Kedua pendapat tersebut bersumber dari panafsiran ayat : 31 surah
al-Nur : Katakanlah kepada wanita yang beriman : “hendaklah mereka
menahan pandangannya, dan memelihara kemaluannya, dan janganlah mereka
menampakkan perhiasannya, kecuali yang (biasa) nampak dari padanya. Dan
hendaklah mereka menutupkan kain kerudung ke dadanya dan janganlah
menampakkan perhiasannya, kecuali kepada suami mereka, atau ayah mereka,
atau ayah suami mereka, atau putera-putera mereka, atau putera-putera
suami mereka, atau saudara-saudara lelaki mereka, atau putera-putera
saudara-saudara lelaki mereka, atau putera-putera saudara-saudara
perempuan mereka, atau “wanita-wanita” (mereka)……”

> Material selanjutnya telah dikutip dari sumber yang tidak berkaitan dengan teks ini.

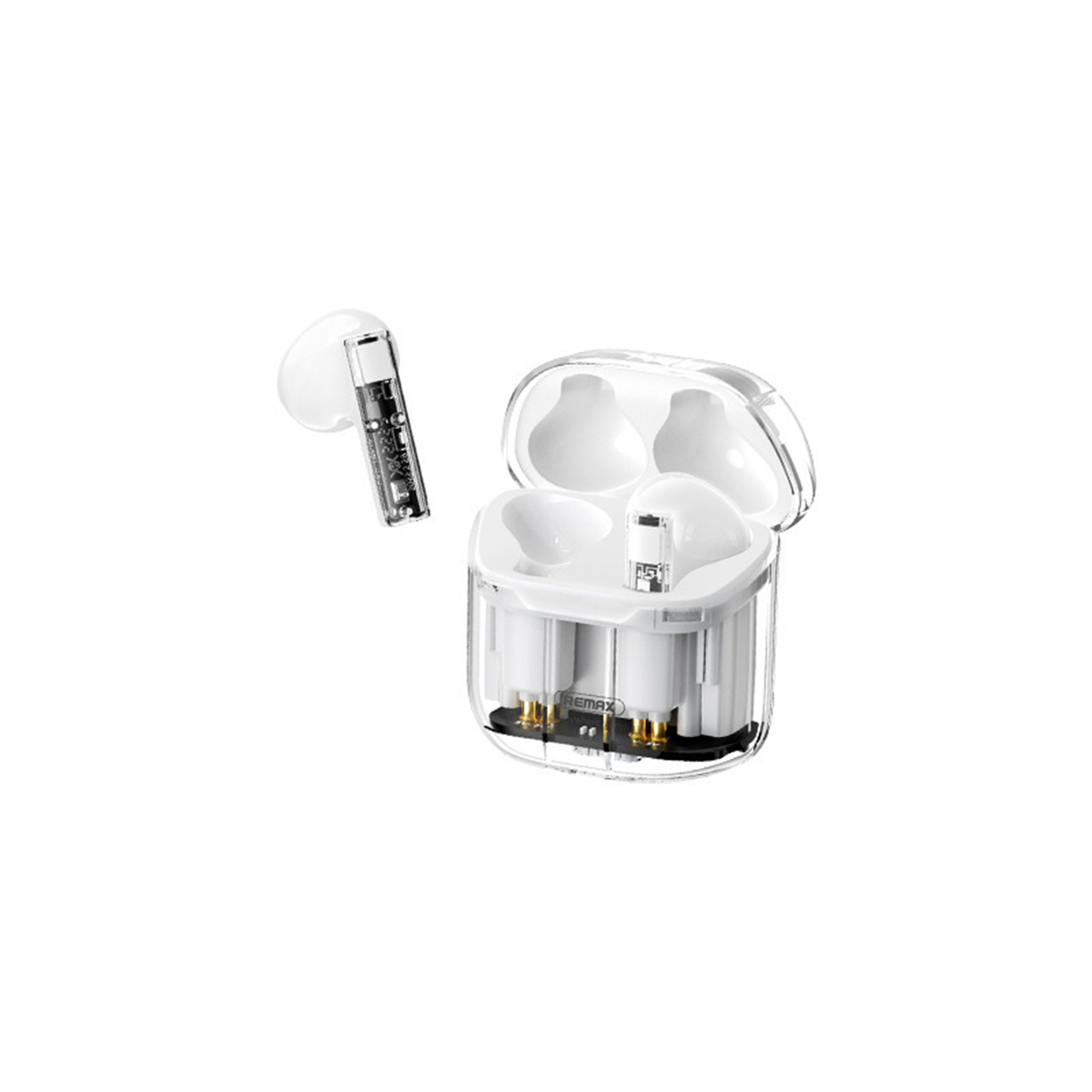 BYTELIKE Bluetooth-Headset Transparentes Latenz, TWS Gaming-Headset geringer mit Fach binaurales weiß In-ear Bluetooth-Kopfhörer Kabelloses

Menurut Hanbali, kata “wanita-wanita (mereka)” bermakna perempuan
pada umumnya, tanpa beda antara perempuan muslimah atau non-muslimah.
Maka diperbolehkan bagi muslimah untuk memperlihatkan perhiasannya
kepada perempuan non-muslimah apa yang diperbolehkan untuk di
perlihatkan kepada muslimah dan muhrimnya.
Sedang Imam syafi’i dan Imam Hanafi menegaskan bahwa kata
“wanita-wanita” adalah khusus untuk muslimah, maka tidak dihalalkan bagi
muslimah untuk memperlihatkan auratnya ataupun perhiasannya di depan
perempuan non muslimah, kecuali dalam batas yang umum dalam menjalankan
pekerjaan rumah sehari-hari.
Qurtubi (seorang ulama Maliki) dalam tafsirnya (12/232) menjelaskan
“Seorang muslimah tidak boleh membuka auratnya di depan non muslimah,
kecuali ia adalah hamba sahayanya, sesuai dengan ayat 31 surah al-Nur”.
Ibnu Juraij, Ubadah bin Nasi dan Hisyam al-Qari’ membenci/melarang non
muslimah berciuman (cara bersalaman untuk perempuan ala Arab) dan
melihat aurat muslimah, mereka menafsirkan kata “dan perempuan-perempuan
mereka” dengan muslimah. Ubadah bin Nasi berkata “Umar r.a. pernah
berkirim surat kepada Ubadah bin Jarrah, ‘Aku mendengar bahwa wanita non
muslimah, di wilayahmu, telah terbiasa masuk ke kamar mandi muslimah,
maka jangan lah itu terjadi lagi, karena non muslimah tidak boleh
melihat muslimah dalam keadaan terbuka aurat.’” Kemudian Abu Ubaidah
menyerukan kepada rakyatnya “Barangsiapa dari kaum wanita (non muslimah)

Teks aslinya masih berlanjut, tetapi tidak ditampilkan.